Within the statistical time window, the total number of requests must reach a certain magnitude before Hystrix may open the fuse and enter the fuse-on transition state, and this request magnitude is the total number of requests threshold. The default threshold for the total number of Hystrix requests is 20, which means that within the statistical time window, if the number of service calls is less than 20, even if all requests are called with errors, the circuit breaker will not be opened.

circuitBreaker.errorThresholdPercentage Error percentage threshold.

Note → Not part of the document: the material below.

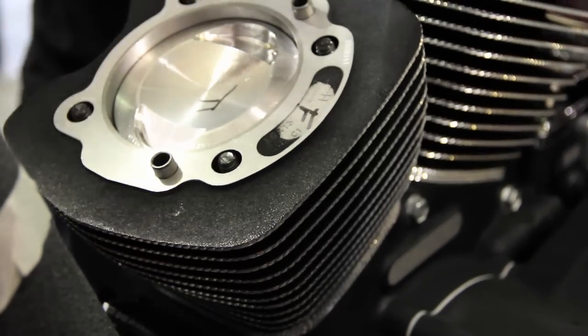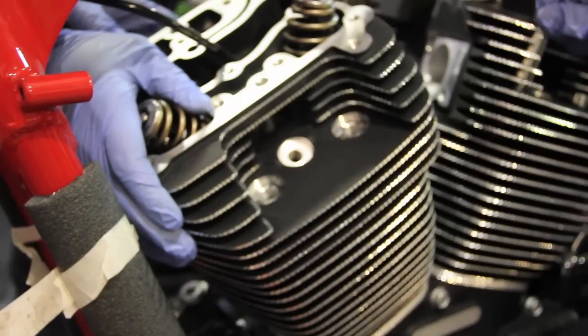There's your cylinders. Now we've got to put the heads on. We need the head gaskets.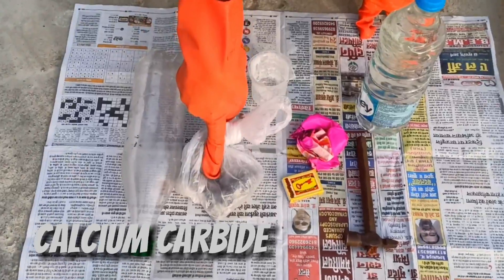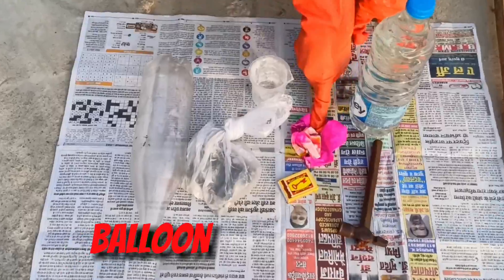This is a bottle. Calcium carbide. Matches. String. Balloon. Beaker. Water.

When the total number of requests exceeds the total number of requests threshold within the statistical time window, and the request call error rate exceeds a certain ratio, the fuse will open and enter the fuse-on transition state, and this ratio is the error percentage threshold. Setting the error percentage threshold to 50 means that the error percentage is 50%. If the service makes 30 calls and 15 of them have errors, that is, the error percentage exceeds 50%, the fuse will be opened at this time.

3.5.2, Example

@HystrixCommand(fallbackMethod = "paymentCircuitBreaker_fallback",commandProperties = {<!-- -->
        @HystrixProperty(name = "circuitBreaker.enabled",value = "true"), // Whether to turn on the circuit breaker
        @HystrixProperty(name = "metrics.rollingStats.timeInMilliseconds",value = "10000")//time window 10 seconds
        @HystrixProperty(name = "circuitBreaker.requestVolumeThreshold",value = "10"),//Number of requests
        @HystrixProperty(name = "circuitBreaker.sleepWindowInMilliseconds",value = "30000"), // Time window period
        @HystrixProperty(name = "circuitBreaker.errorThresholdPercentage",value = "60"),//The failure rate reaches what level before tripping
})
public interface UserService {<!-- -->
    public String paymentCircuitBreaker(@PathVariable("id") Integer id);
}
@Service
public class UserServiceImpl implements UserService {<!-- -->
    @Override
    @HystrixCommand(fallbackMethod = "paymentCircuitBreakerFallback",commandProperties = {<!-- -->
            @HystrixProperty(name = "circuitBreaker.enabled",value = "true"), // Whether to turn on the circuit breaker
            @HystrixProperty(name = HystrixPropertiesManager.METRICS_ROLLING_STATS_TIME_IN_MILLISECONDS,value = "10000"),
            @HystrixProperty(name = HystrixPropertiesManager.CIRCUIT_BREAKER_REQUEST_VOLUME_THRESHOLD,value = "10"),//Number of requests
            @HystrixProperty(name = "circuitBreaker.sleepWindowInMilliseconds",value = "30000"), // Time window period
            @HystrixProperty(name = "circuitBreaker.errorThresholdPercentage",value = "60"),//The failure rate reaches what level before tripping
    })
    public String paymentCircuitBreaker(Integer id) {<!-- -->
        if(id < 0) {<!-- -->
            throw new RuntimeException("******id cannot be negative");
        }
        String serialNumber = UUID.randomUUID().toString();
        return Thread.currentThread().getName() + "\t" + "The call was successful, serial number: " + serialNumber;
    }
    
    public String paymentCircuitBreakerFallback(@PathVariable("id") Integer id) {<!-- -->
        return "id cannot be negative, please try again later, /(ㄒoㄒ)/~~ id: " + id;
    }
}

Summary

Hystrix is a library open sourced by Netflix for handling latency and fault tolerance in distributed systems. It improves the availability and stability of distributed systems through resource isolation, service degradation, circuit breakers and other methods. In this chapter, we introduce the specific methods of fuses and global fuses in Hystrix, and make it easier for everyone to understand the role of Hystrix circuit breakers through practical exercises.